Encryption/Decryption Algorithm - A set of encryption and decryption techniques must also be agreed upon by both the client and the server.
Hash Algorithm - Hash algorithms are used by SSL to ensure message integrity (message authentication). For this reason, a number of hash algorithms have been defined.
Cipher Suite - Each SSL session has a unique cypher suite that is defined by the interaction of the key exchange, hashing, and encryption algorithms.
Compression Algorithm - In SSL, compression is not required. There is no defined compression algorithm. Consequently, a system is free to employ any compression strategy it chooses.
Cryptographic Parameter Generation - SSL requires six cryptographic secrets: two IVs (initialization vectors) and four keys, ensuring message integrity and confidentiality. For message authentication, encryption, and use as the initial block in calculations, the client needs one key for each. The server also requires it. A requirement of SSL is that the keys used in one direction and the other direction be distinct. The opposite way is unaffected by an attack coming from one direction. The process used to produce the parameters is as follows:
- Two random numbers, one generated by the client and the other by the server, are exchanged between the client and server.
- One pre-master secret is exchanged between the client and server using one of the established key exchange techniques.
- Figure 1 illustrates how two hash algorithms (SHA-1 and MD5) are used to convert the pre-master secret into a 48-byte master secret.

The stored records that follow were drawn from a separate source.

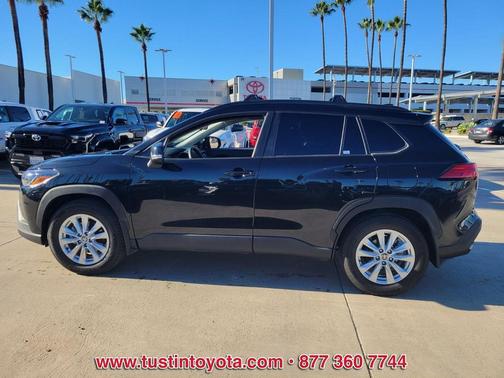 2024 Toyota Corolla Cross LE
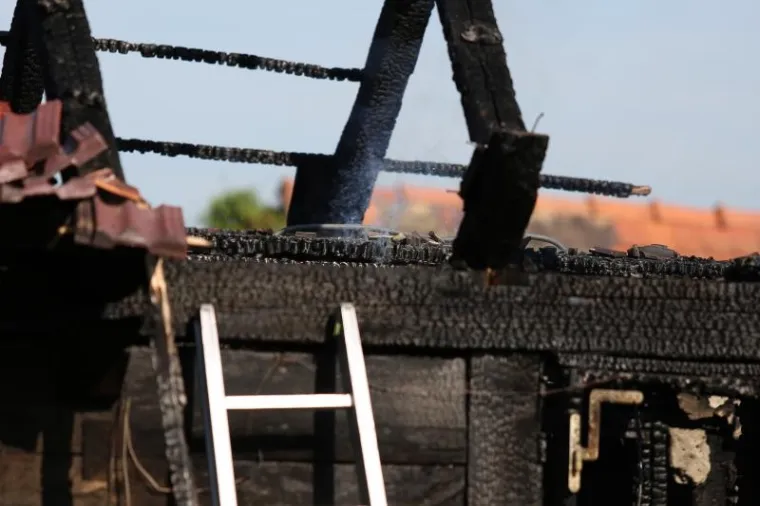 POŽAR U DRVENOJ KUĆI U IVANIĆ GRADU: Poginule su dvije osobe, jedna je ozlijeđena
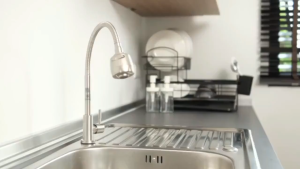 ก๊อกน้ำสแตนเลส 2 ฟังก์ชัน หมุนได้ 360° สำหรับอ่างล้างจาน ห้องครัว พร้อมเทปพันเกลียวป้องกันน้ำรั่ว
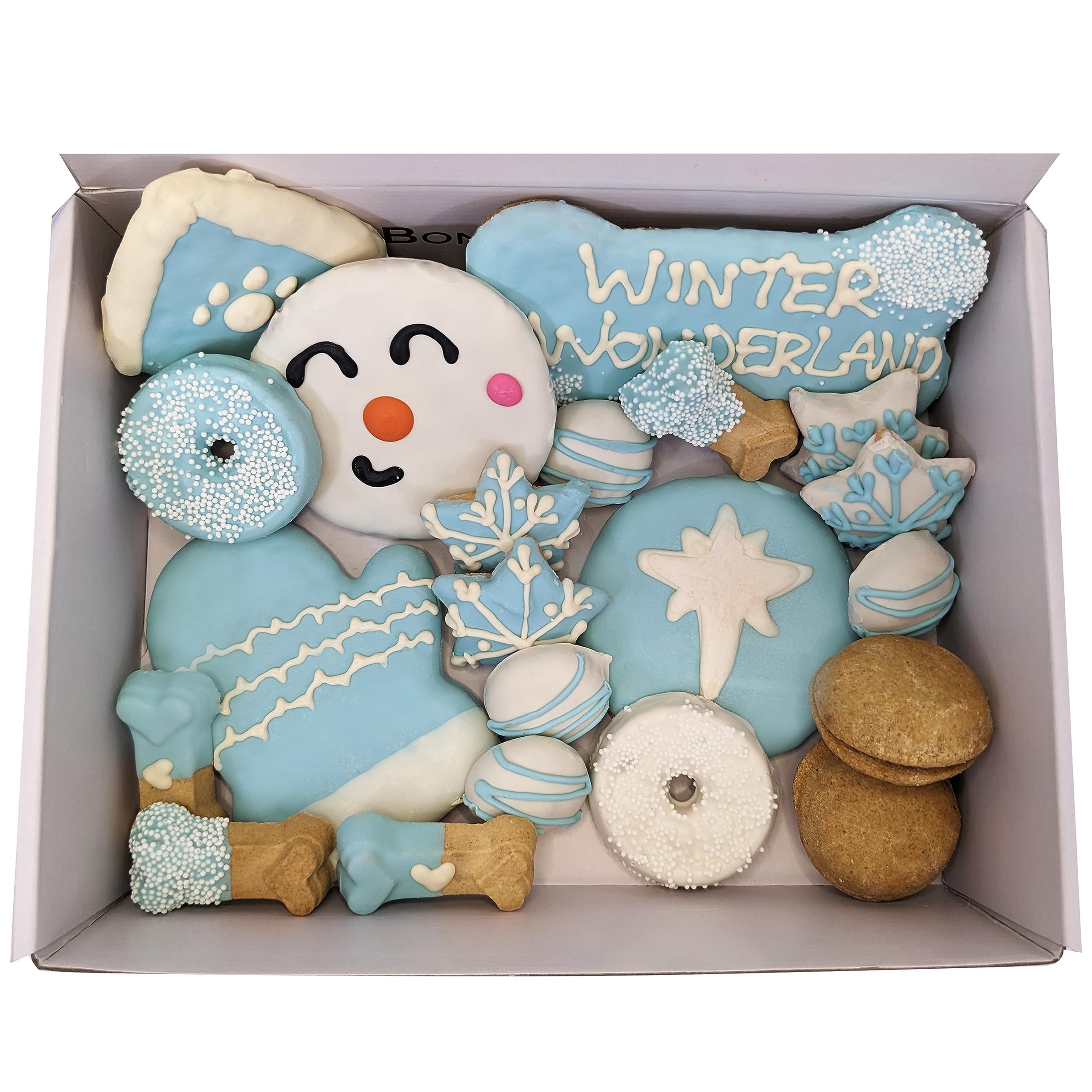 Bonne et Filou Winter Dog Treats, Gourmet Gift Box, 21 Luxury Macarons, Truffles & Bone Cookies, Healthy & Delicious Treats for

- Figure 2 illustrates how the same set of hash functions is utilized to generate variable-length key material before being prepended with various constants. Up till sufficient key material is produced, the module is repeated. Keep in mind that the cypher suite chosen and the quantity of keys required for this suite determine the length of the key material block.
- Figure 3 illustrates how six distinct secrets were taken from the main material.

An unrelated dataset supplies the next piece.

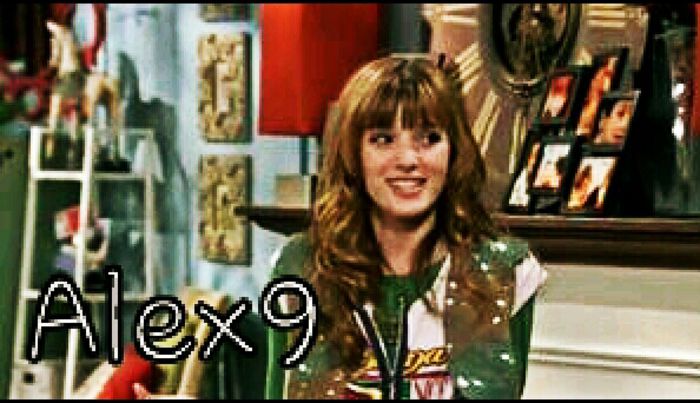 Oh nu e Rilley, ascunde-te! il duce la toaleta*:))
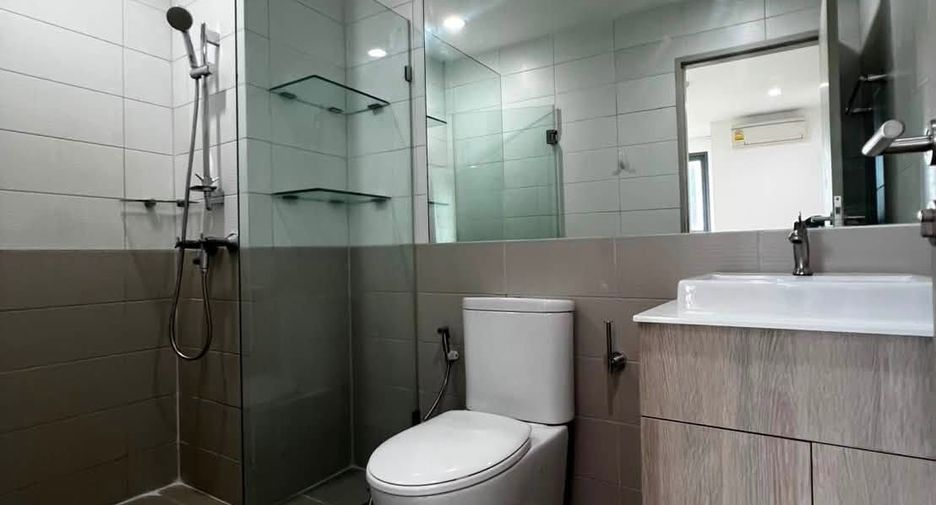 Wohnung zur Miete mit 1 Zimmer in Bang Rak, Bangkok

Sessions and Connections - A connection and a session are distinguished by SSL. A client and server are connected through a session. Following the establishment of a session, the two parties share data such the session identification, the certificate validating each of them (if necessary), the compression technique, the cypher suite, and a master secret that is used to generate keys for message authentication encryption.
The creation of a session is required, but not sufficient for two entities to communicate with one another and exchange data. The two parties exchange two random integers while generating the keys and parameters required for transmitting messages including authentication and privacy using the master secret.
There may be numerous connections inside a session. Within the same session, a link between two participants can be broken and then repaired. The two parties can choose to end the session when the connection is cut off, although it is not required. A session may be stopped and started again.